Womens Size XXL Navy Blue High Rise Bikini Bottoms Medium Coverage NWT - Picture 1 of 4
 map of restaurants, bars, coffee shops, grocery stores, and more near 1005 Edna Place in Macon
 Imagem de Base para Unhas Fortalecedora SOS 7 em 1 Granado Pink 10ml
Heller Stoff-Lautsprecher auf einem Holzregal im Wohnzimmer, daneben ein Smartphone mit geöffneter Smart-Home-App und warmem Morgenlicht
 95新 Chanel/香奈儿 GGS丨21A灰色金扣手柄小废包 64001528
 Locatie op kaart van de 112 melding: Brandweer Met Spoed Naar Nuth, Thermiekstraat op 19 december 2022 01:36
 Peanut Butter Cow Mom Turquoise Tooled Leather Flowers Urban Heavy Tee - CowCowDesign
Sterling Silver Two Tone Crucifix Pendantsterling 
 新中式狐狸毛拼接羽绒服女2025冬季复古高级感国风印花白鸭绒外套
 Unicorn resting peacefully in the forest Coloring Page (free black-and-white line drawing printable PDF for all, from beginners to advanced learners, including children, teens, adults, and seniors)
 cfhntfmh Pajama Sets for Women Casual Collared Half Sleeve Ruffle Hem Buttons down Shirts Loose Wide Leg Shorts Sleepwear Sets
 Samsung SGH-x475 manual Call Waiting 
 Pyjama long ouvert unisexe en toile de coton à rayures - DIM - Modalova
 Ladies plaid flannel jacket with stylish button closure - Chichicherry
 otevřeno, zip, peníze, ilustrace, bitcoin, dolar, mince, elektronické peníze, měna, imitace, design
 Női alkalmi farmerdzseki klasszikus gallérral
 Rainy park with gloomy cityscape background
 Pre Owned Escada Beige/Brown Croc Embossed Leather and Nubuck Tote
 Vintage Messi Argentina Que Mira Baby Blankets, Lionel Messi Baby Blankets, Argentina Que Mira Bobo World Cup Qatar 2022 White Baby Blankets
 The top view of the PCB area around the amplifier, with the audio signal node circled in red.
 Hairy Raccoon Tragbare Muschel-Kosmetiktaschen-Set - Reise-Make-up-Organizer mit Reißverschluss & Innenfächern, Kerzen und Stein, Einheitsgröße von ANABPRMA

- - - - - - -

• Problem statement
Your answer should be the material, retyped exactly as written.

• Solution below
Womens Size XXL Navy Blue High Rise Bikini Bottoms Medium Coverage NWT - Picture 1 of 4
 map of restaurants, bars, coffee shops, grocery stores, and more near 1005 Edna Place in Macon
 Imagem de Base para Unhas Fortalecedora SOS 7 em 1 Granado Pink 10ml
Heller Stoff-Lautsprecher auf einem Holzregal im Wohnzimmer, daneben ein Smartphone mit geöffneter Smart-Home-App und warmem Morgenlicht
 95新 Chanel/香奈儿 GGS丨21A灰色金扣手柄小废包 64001528
 Locatie op kaart van de 112 melding: Brandweer Met Spoed Naar Nuth, Thermiekstraat op 19 december 2022 01:36
 Peanut Butter Cow Mom Turquoise Tooled Leather Flowers Urban Heavy Tee - CowCowDesign
Sterling Silver Two Tone Crucifix Pendantsterling 
 新中式狐狸毛拼接羽绒服女2025冬季复古高级感国风印花白鸭绒外套
 Unicorn resting peacefully in the forest Coloring Page (free black-and-white line drawing printable PDF for all, from beginners to advanced learners, including children, teens, adults, and seniors)
 cfhntfmh Pajama Sets for Women Casual Collared Half Sleeve Ruffle Hem Buttons down Shirts Loose Wide Leg Shorts Sleepwear Sets
 Samsung SGH-x475 manual Call Waiting 
 Pyjama long ouvert unisexe en toile de coton à rayures - DIM - Modalova
 Ladies plaid flannel jacket with stylish button closure - Chichicherry
 otevřeno, zip, peníze, ilustrace, bitcoin, dolar, mince, elektronické peníze, měna, imitace, design
 Női alkalmi farmerdzseki klasszikus gallérral
 Rainy park with gloomy cityscape background
 Pre Owned Escada Beige/Brown Croc Embossed Leather and Nubuck Tote
 Vintage Messi Argentina Que Mira Baby Blankets, Lionel Messi Baby Blankets, Argentina Que Mira Bobo World Cup Qatar 2022 White Baby Blankets
 The top view of the PCB area around the amplifier, with the audio signal node circled in red.
 Hairy Raccoon Tragbare Muschel-Kosmetiktaschen-Set - Reise-Make-up-Organizer mit Reißverschluss & Innenfächern, Kerzen und Stein, Einheitsgröße von ANABPRMA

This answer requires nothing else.